Updated April 13, 2023
Introduction to torch.nn Module
The basic idea behind developing the PyTorch framework is to develop a neural network, train, and build the model. PyTorch has two main features as a computational graph and the tensors which is a multi-dimensional array that can be run on GPU. PyTorch nn module has high-level APIs to build a neural network. Torch.nn module uses Tensors and Automatic differentiation modules for training and building layers such as input, hidden, and output layers.
Modules and Classes in torch.nn Module
Pytorch uses a torch.nn base class which can be used to wrap parameters, functions, and layers in the torch.nn modules. Any deep learning model is developed using the subclass of the torch.nn module it uses method like forward(input) which returns the output. A simple neural network takes input to add weights and bias to it feed the input through multiple hidden layers and finally returns the output. Here we will learn in brief the classes and modules provided by torch.nn.
torch.nn module provides a class torch.nn.Parameter() as subclass of Tensors. If tensor are used with Module as a model attribute then it will be added to the list of parameters. This parameter class can be used to store a hidden state or learnable initial state of the RNN model.

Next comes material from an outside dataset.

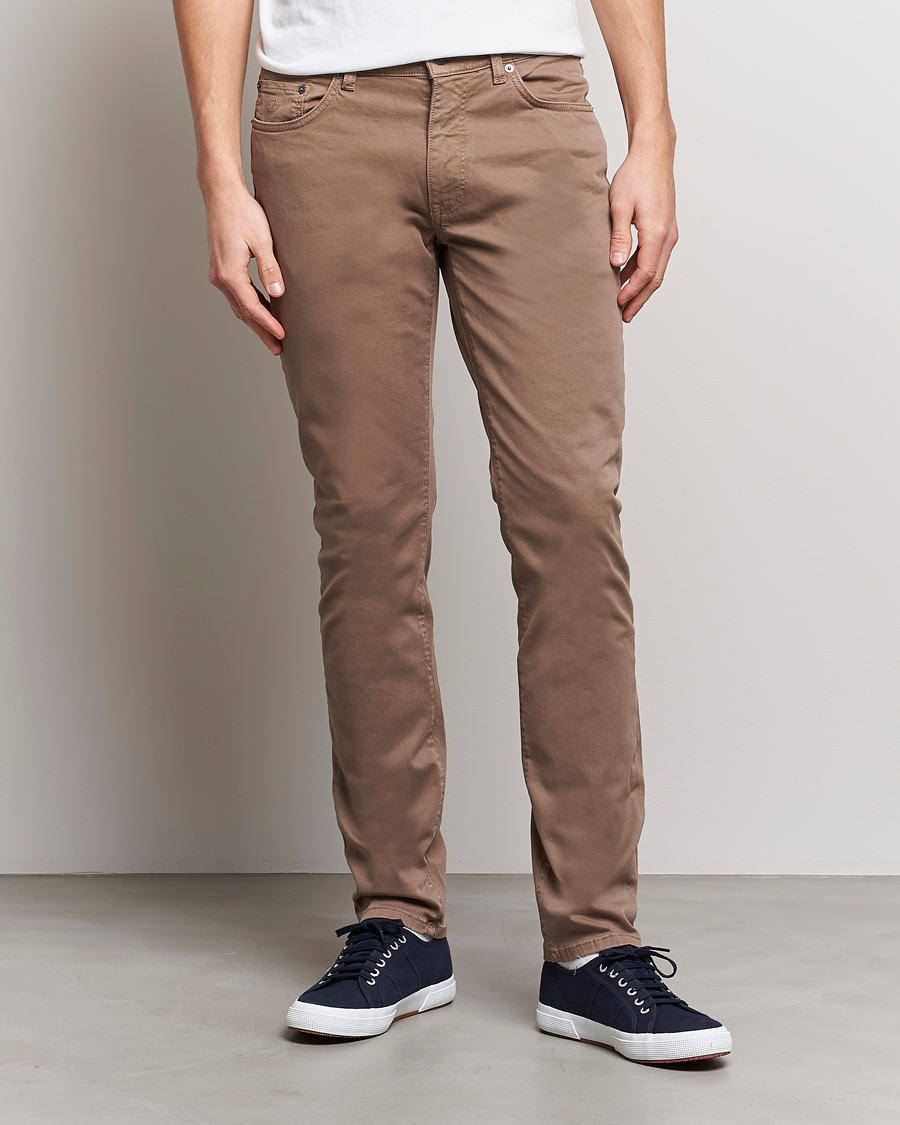 Heren | Broeken | GANT | Hayes Desert Jeans Desert Brown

Container classes are used to create a complex neural network. Containers uses nn.Container() class to develop models.It is a base class to create all neural network modules. Modules are serializable and may have other modules added to the model which forms a tree like structure.
|torch.nn.Module||It is a base class used to develop all neural network models.|
|torch.nn.Sequential()||It is a sequential Container used to combine different layers to create a feed-forward network.|
|torch.nn.ModuleList()||This is similar to the indexed Python list which holds submodules in a list.|
|torch.nn.ModuleDict()||This class creates a python dictionary that holds submodules.|
|torch.nn.ParameterList()||This is similar to the indexed python list which holds parameters in a list.|
|torch.nn.ParameterDict()||This class creates a python dictionary that holds parameters.|
Pytorch provides different modules in torch.nn to develop neural network layers. We can configure different trainable layers using a respective class from torch.nn Module.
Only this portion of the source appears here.